§ **INFORMATION SHOWN**:
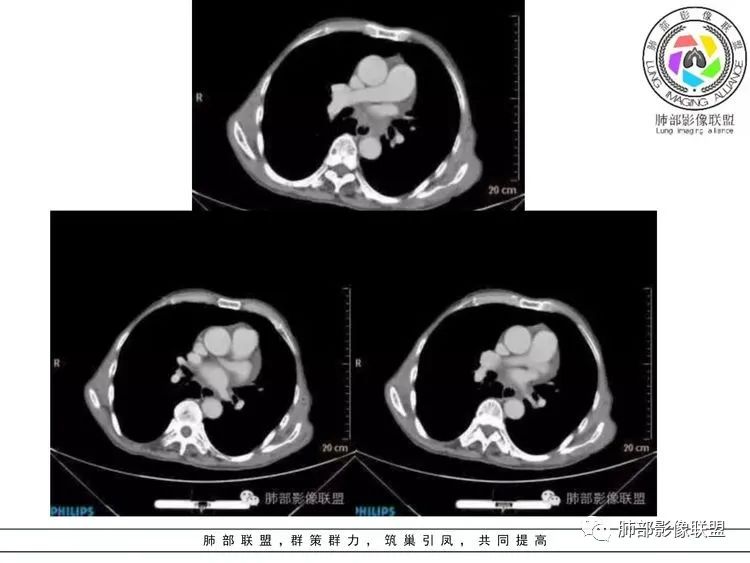 影像PPT - 【病例】小细胞肺癌?套细胞淋巴瘤?-29 影像PPT - 【病例】小细胞肺癌?套细胞淋巴瘤?-29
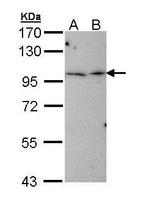 TBCK Antibody in Western Blot (WB)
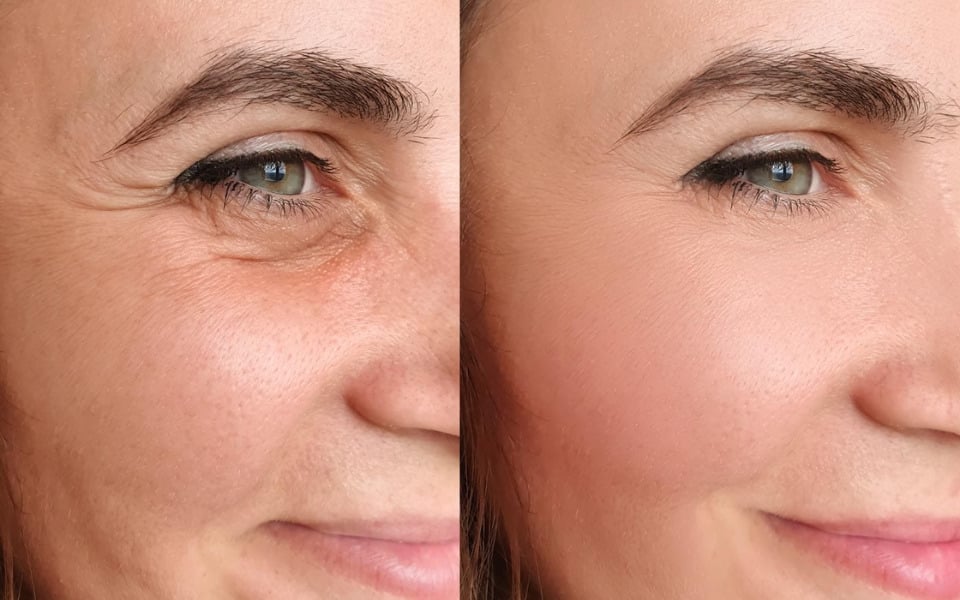 so sánh elastin matrix 8d và thermage flx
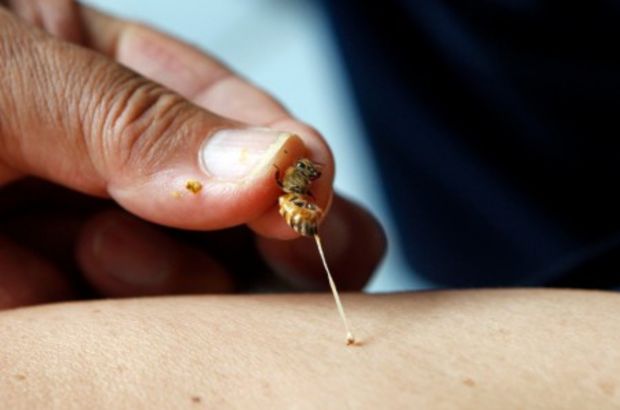 Avusturalyalı bilim insanlarından meme kanserine karşı ‘bal arısı zehiri’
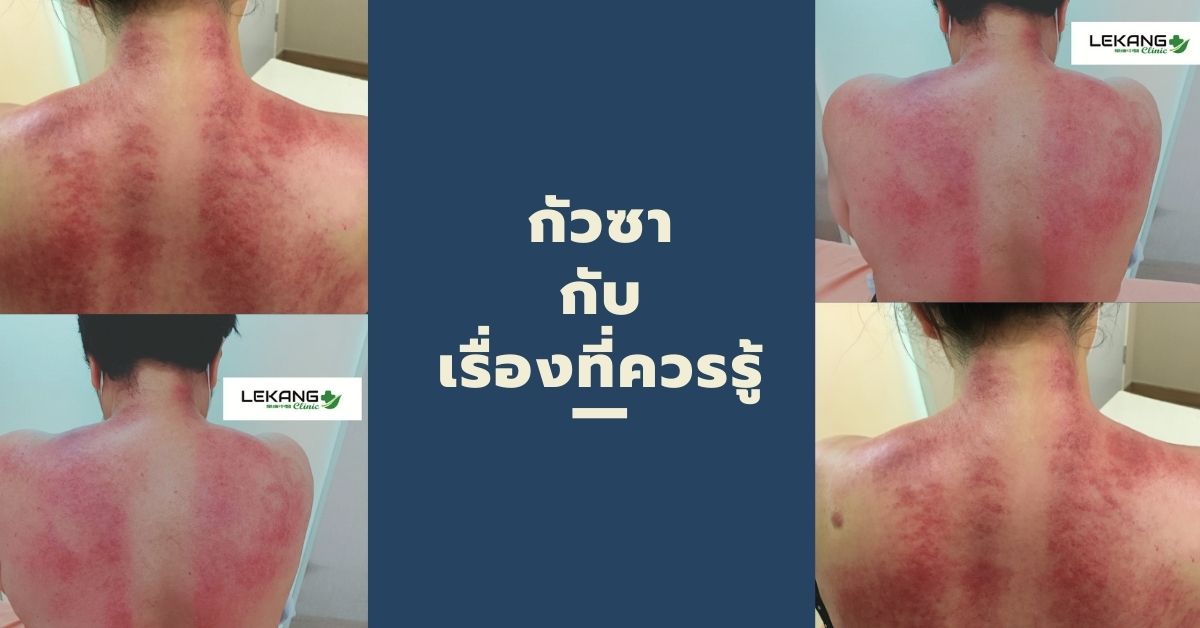 Lekang Clinic Traditional Chinese Medicine Lekang Clinic แพทย์แผนจีน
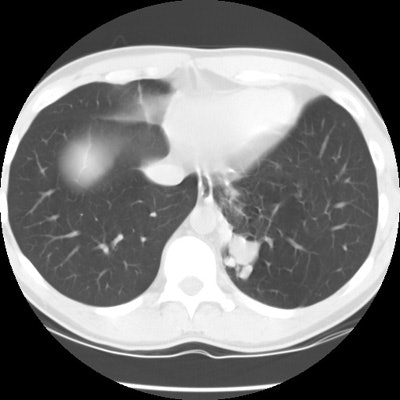 Ct Lung1 Small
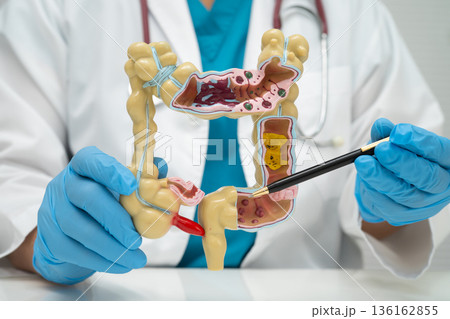 Intestine, doctor holding human model in hospital. Intestine, doctor holding human model in hospital. 136162855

§ **INSTRUCTIONS TO FOLLOW**: Output, exactly and without pictures, the span of lines that starts at the line containing "so sánh elastin matrix 8d và thermage flx" and ends at the last line above.

§ **ANSWER SECTION**:
 so sánh elastin matrix 8d và thermage flx
 Avusturalyalı bilim insanlarından meme kanserine karşı ‘bal arısı zehiri’
 Lekang Clinic Traditional Chinese Medicine Lekang Clinic แพทย์แผนจีน
 Ct Lung1 Small
 Intestine, doctor holding human model in hospital. Intestine, doctor holding human model in hospital. 136162855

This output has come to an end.